Por: Ariel Molina/

Pocas buenas decisiones han sido tomadas de madrugada y la del pasado 26 podría generar un antecedente positivo o negativo, según la gestión política que realice el nivel central del Estado. La justificación fue pacificar la ciudad cruceña, que dentro de los valores, principios y funciones que tiene un Estado Social de Derecho como el nuestro, valida esta finalidad.

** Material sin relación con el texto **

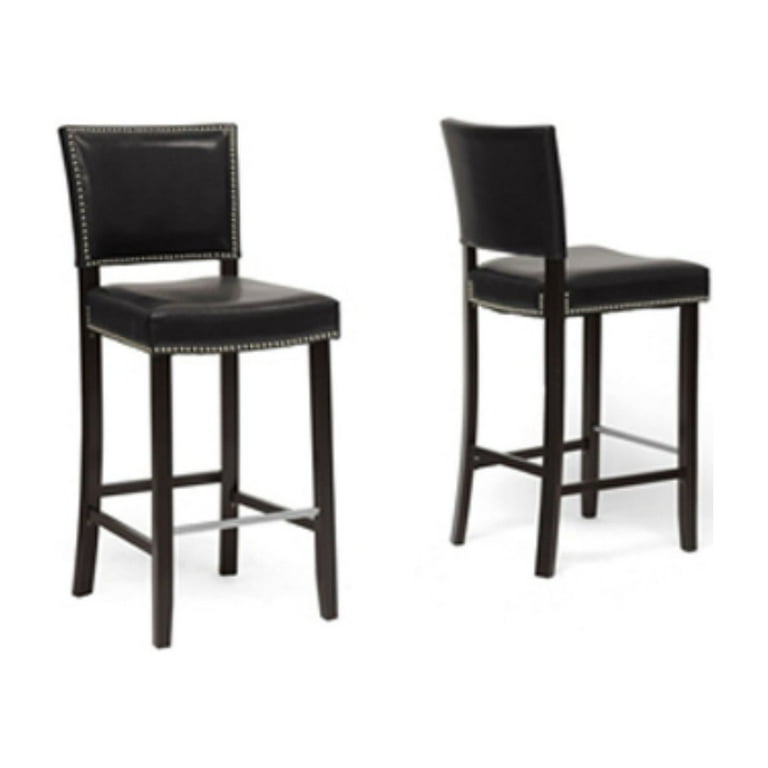 Baxton Studio Aries White Modern Bar Stool with Nail Head Trim - Set of 2 Baxton Studio Aries White Modern Bar Stool with Nail Head Trim - Set of 2
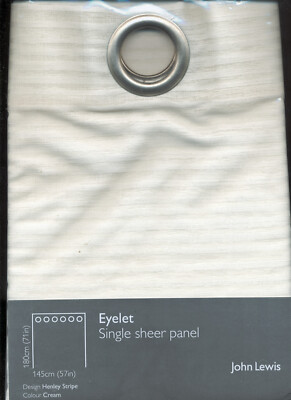 John Lewis cremefarbene transparente Panel Ösen Überschrift Henley Streifen Design 180 x 145 cm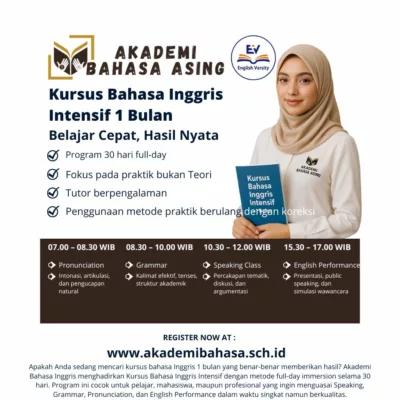 Kursus Bahasa Inggris Intensif 1 Bulan – Akademi Bahasa Inggris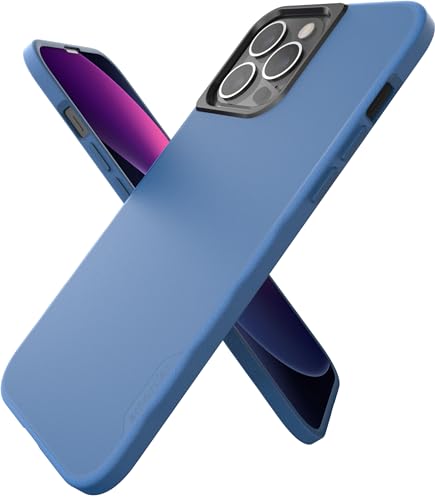 Smartish Schutzhülle für iPhone 13 Pro Max – Gripmunk, kompatibel mit MagSafe [leicht und schützend], dünne Griffhülle mit Mikrofaser-Futter – Blau auf Grün von smartish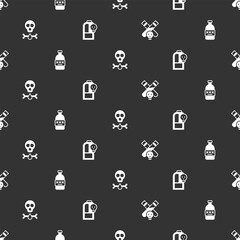 Set Bottle with potion, Poisoned alcohol, Bones and skull and Beaker toxic liquid on seamless pattern. Vector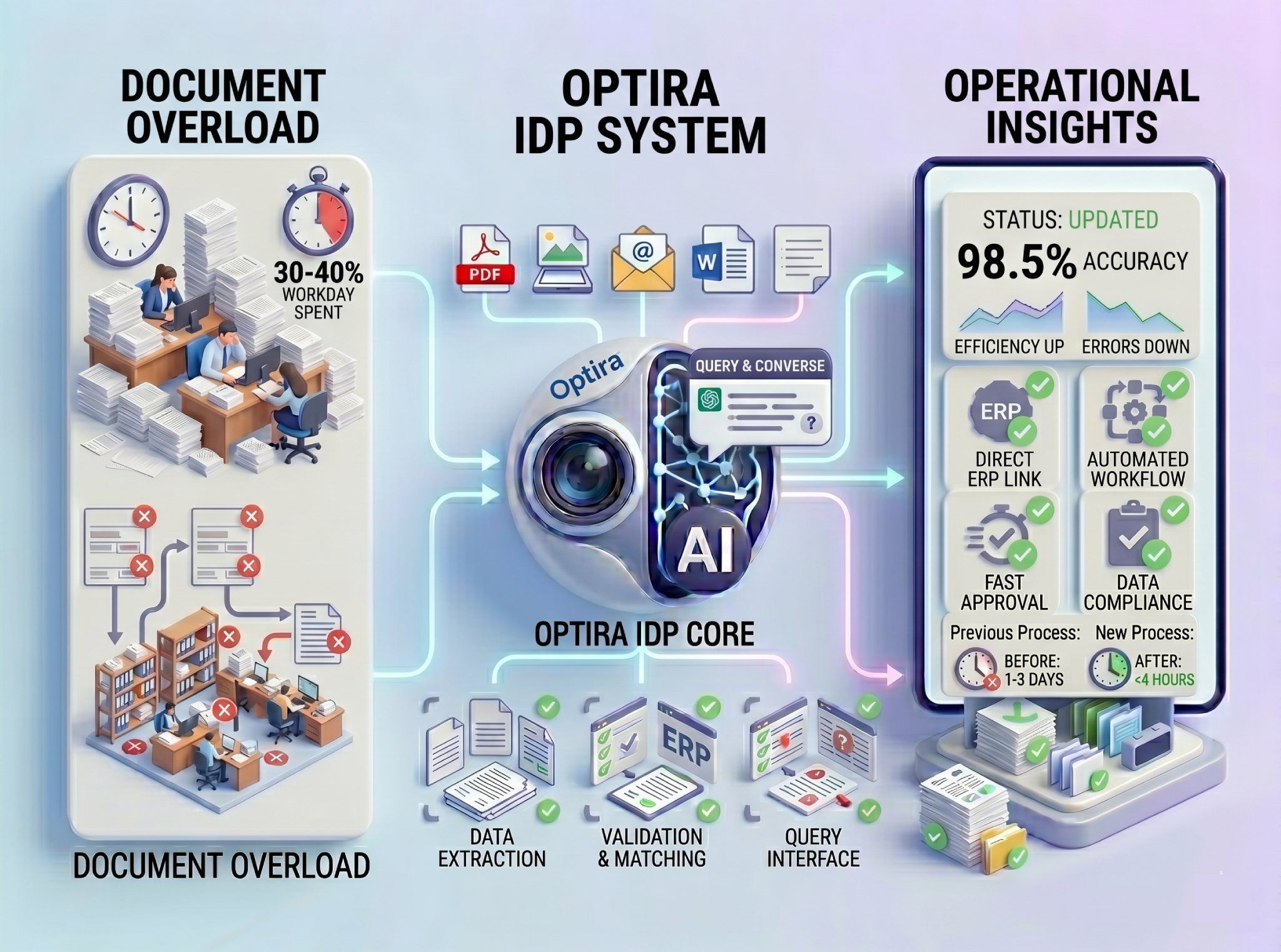 Optira IDP system workflow diagram showing document processing automation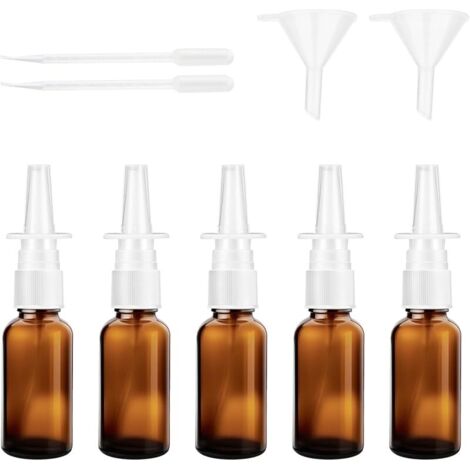 Lot de 5 flacons de pulvérisation nasale vides en verre de 30 ml, rechargeables, avec pipettes à entonnoir pour solution saline, parfum ou huile essentielle.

No obstante, la pacificación no debería asociarse a contentar a un solo lado de los demandantes. También de este lado hay un pueblo que demanda justicia para alcanzar la paz; y es que la pacificación no solo debe procurarse cuando la conflictividad adquiere tintes activos de violencia, en los murmullos hay una latencia disconforme que desea justicia y sospecha, casi en la desilusión, una inacción de su propio gobierno.

A partir de la configuración de esta nueva “paz armada”, les corresponderá a los actores políticos desmentir las acusaciones sobre traiciones y confabulaciones secretas. De igual forma, tendrán que decidir frente al país, la suerte de los caldos de cultivo que infectan la revolución social iniciada el 2006, los que se vienen arrimando a comités cívicos. Pero el momento histórico no permite dudas ni egoísmos, el proceso de cambio tiene mayor valor que cualquier aspiración política electoral venidera.

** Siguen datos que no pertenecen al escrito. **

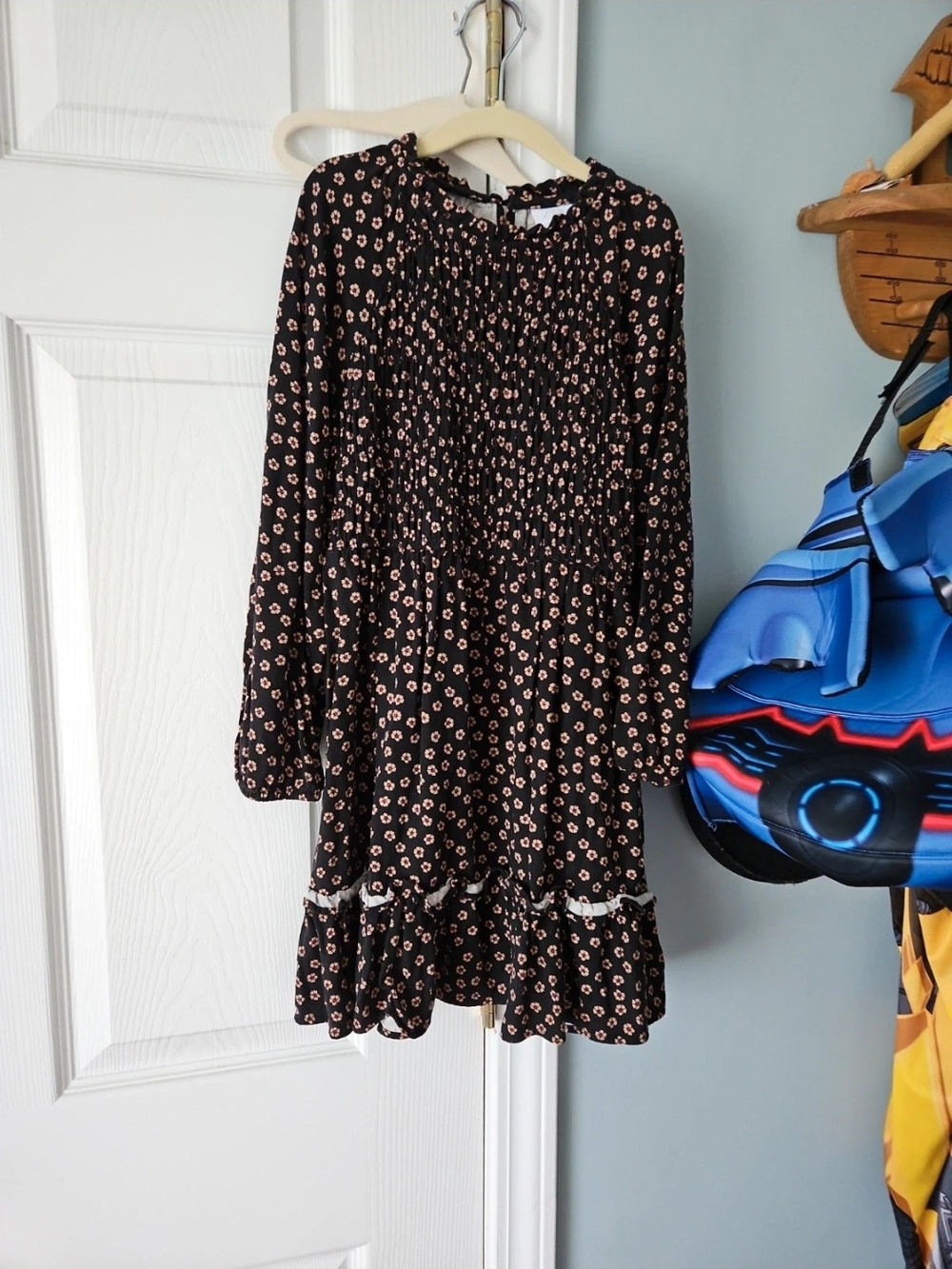 Zara Black Long-Sleeve Floral Smocked Dress Size 9yr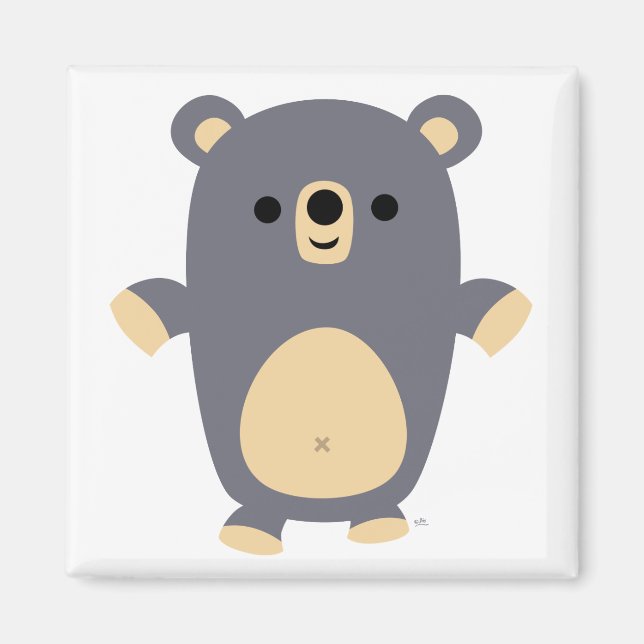 Big Blue Cartoon Bear magnet (Front)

Finalmente, esta ley no valida ni refuerza la voluntad del Ejecutivo. Nuestro presidente ya estableció la fecha de realización del censo para el 2024, la ley promueve esta decisión para aplicar los resultados del censo para la redistribución de recursos y la reconfiguración de las circunscripciones electorales. Sí, lo dicho ya se encuentra establecido en la normativa vigente pero como en un principio se señaló, los principios democráticos jamás esperan convertirse en antecedentes negativos y aquí estamos todos para evitarlo.